BARCLAYS HAS hit back over “unwarranted” retrospective tax action taken against the bank earlier this year that damaged the its reputation.
In a letter to the Treasury Select Committee published yesterday, Barclays chief executive Bob Diamond said the bank had been “singled out” in the way the government treated its tax activities.
In February, David Gauke, the exchequer secretary to the Treasury, announced that HMRC had used retrospective legislation to block two “aggressive” tax avoidance schemes used by Barclays, which it said tried to avoid £500m in tax.
“The way in which this situation was handled seems to us to have been completely unwarranted. Unnecessary damage was placed on Barclays’ reputation,” the letter stated.

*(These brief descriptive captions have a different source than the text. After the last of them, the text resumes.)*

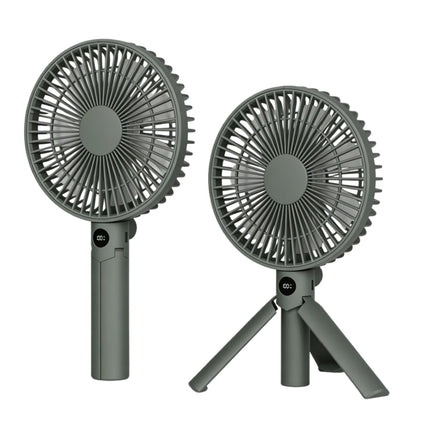 XIAOTREE Portable Handheld Rechargeable Fan LED Digital Display 180°Adjustable Rechargeable Fan 4 Speed Wind Camping Tripod Fan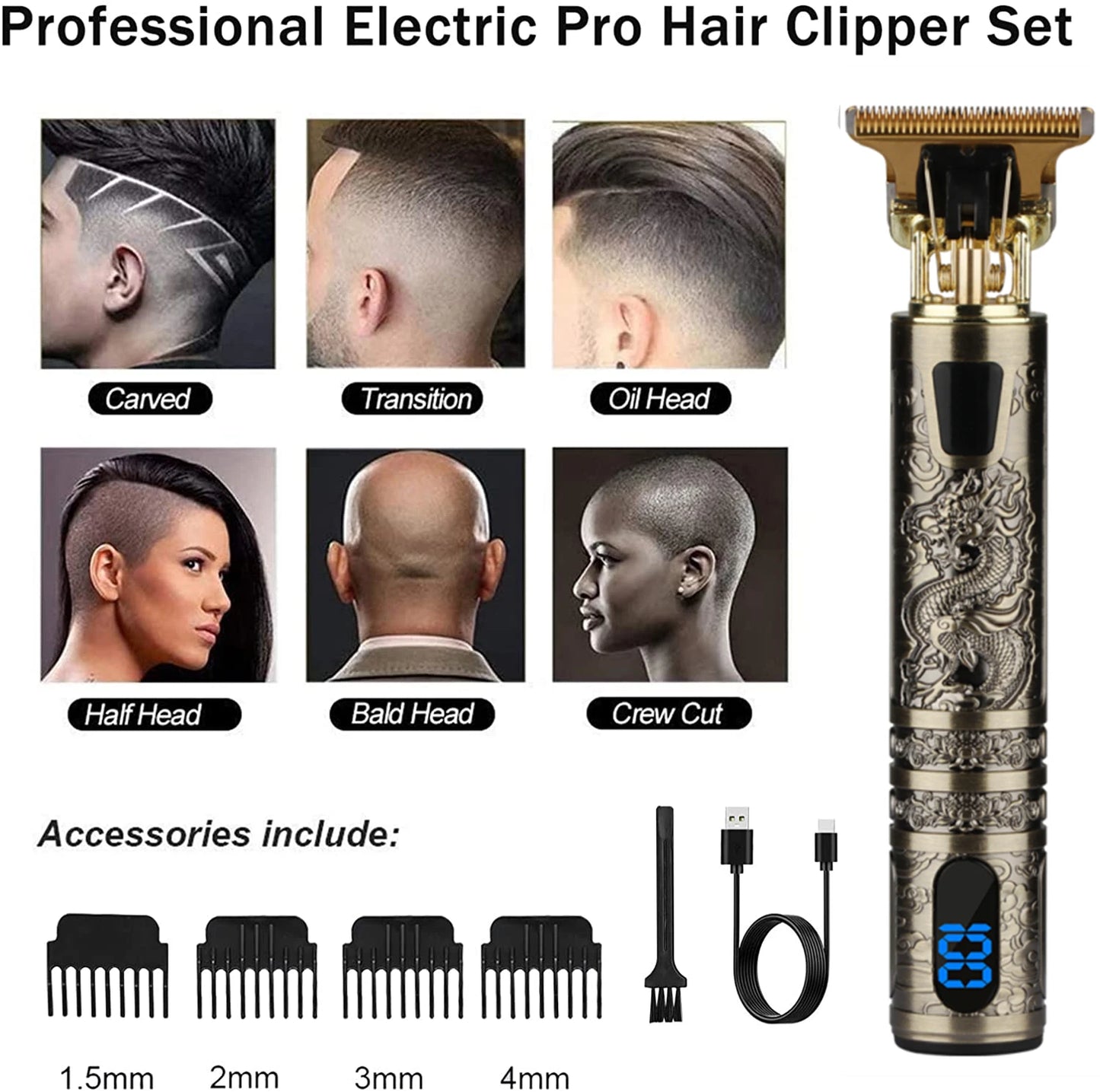 T9 LCD Precision Hair Trimmer and Clipper for Men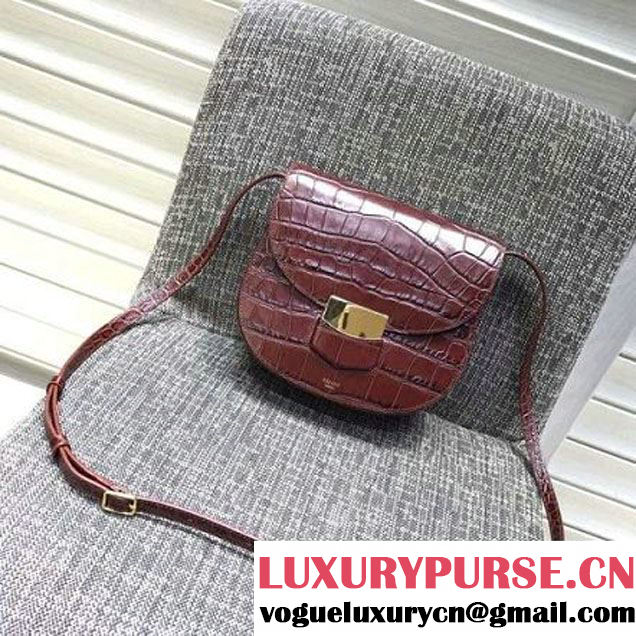 Celine Small Trotteur Shoulder Bag In Calfskin Crocodile Pattern Brown Winter 2016 (XLD-6100706 )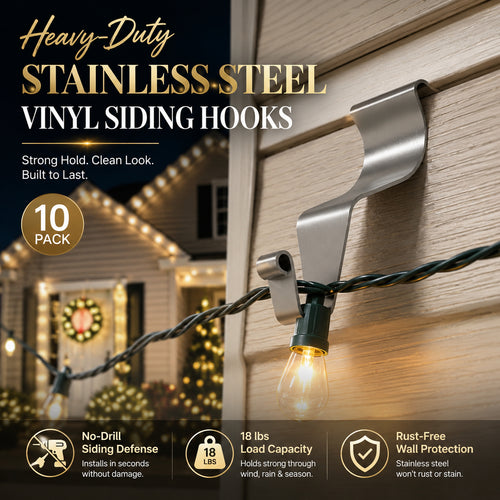 ⚓Damage-Free Stainless Steel Vinyl Siding Hooks – Heavy-Duty No-Drill Hangers for Outdoor Lights & Wreaths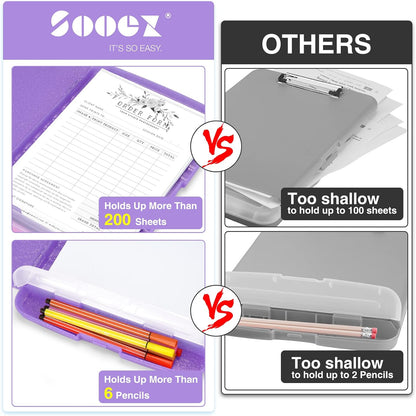 Clipboard with Storage, Clip Board 8.5 x 11 with Pen Holder, High Capacity Plastic Organization Case Box for Letter Legal A4 Size Paper, Nurses Teachers Must Haves, School & Office Supplies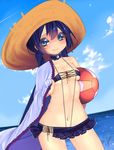  ball beachball bikini black_hair black_neckwear black_skirt blue_eyes breasts closed_mouth cloud cowboy_shot day flower_knight_girl hat highres holding_beachball kuroyuri_(flower_knight_girl) long_hair looking_at_viewer miniskirt rishia_taichou skirt sky small_breasts solo summer sun_hat swimsuit water 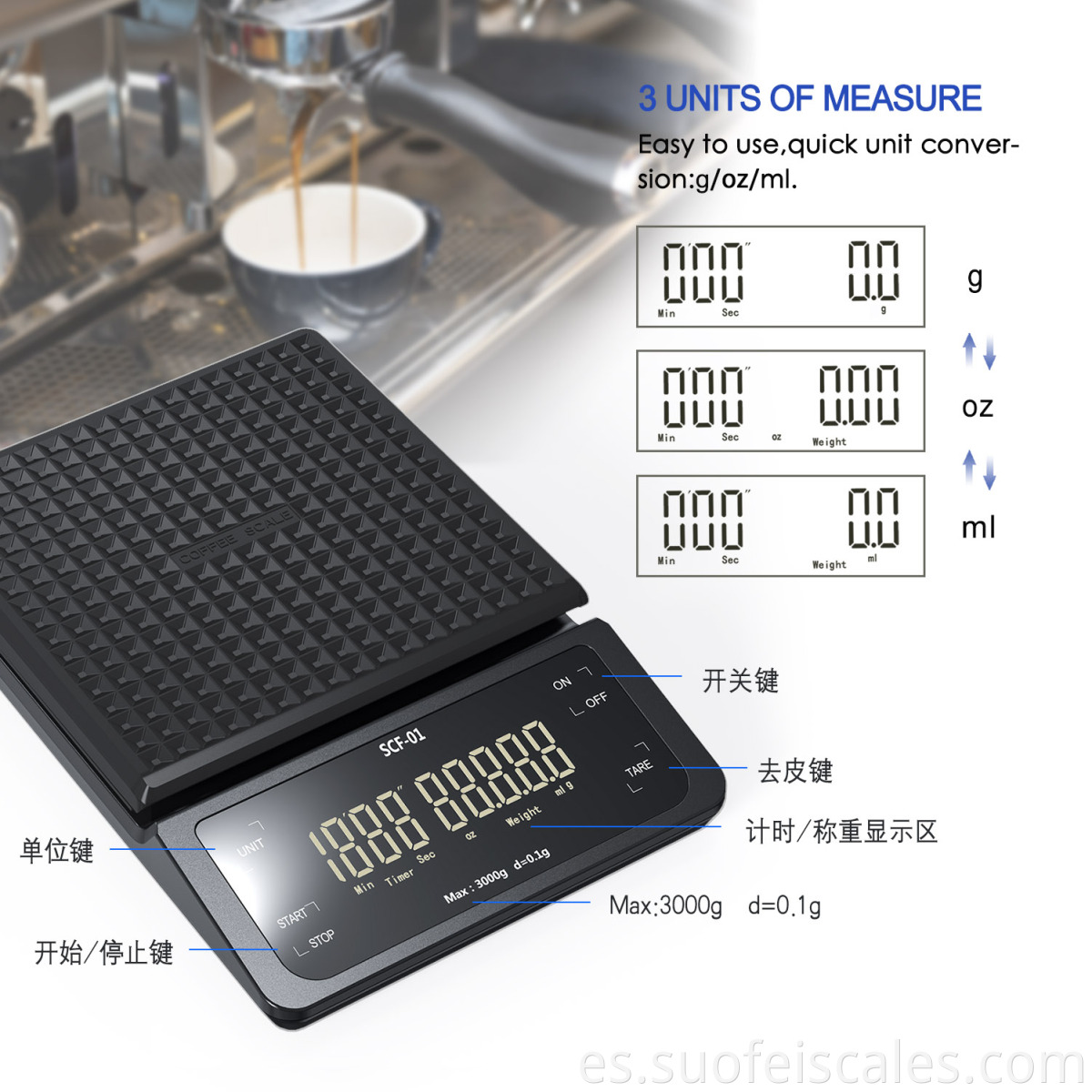 SCF-01 Bakery Fruit Kitchen Scale OEM 5 kg Escala de café de la máquina digital de peso digital con temporizador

One scheme tried to avoid corporation tax on the profits arising from a buy-back of its own debt, HMRC said. The other scheme, which involved authorised investment funds, sought to exploit provisions of regulations to generate the repayment of tax.
In his letter, Diamond alleged that other banks had already used similar schemes and that HMRC was aware of the practice.
“The judgement from out advisors was that other companies had used a similar treatment; that it was reasonable to assume that HMRC was aware of those similar treatments; and that, because HMRC has taken no action to prevent those treatments, there was a clear precedent to satisfy the test of the spirit of the law.
“In the event, of course, Barclays was the first (and only) taxpayer to make a disclosure. We were, therefore, surprised to be singled out in the way that occurred.”
The committee has passed the letter on to chancellor George Osborne for his assessment.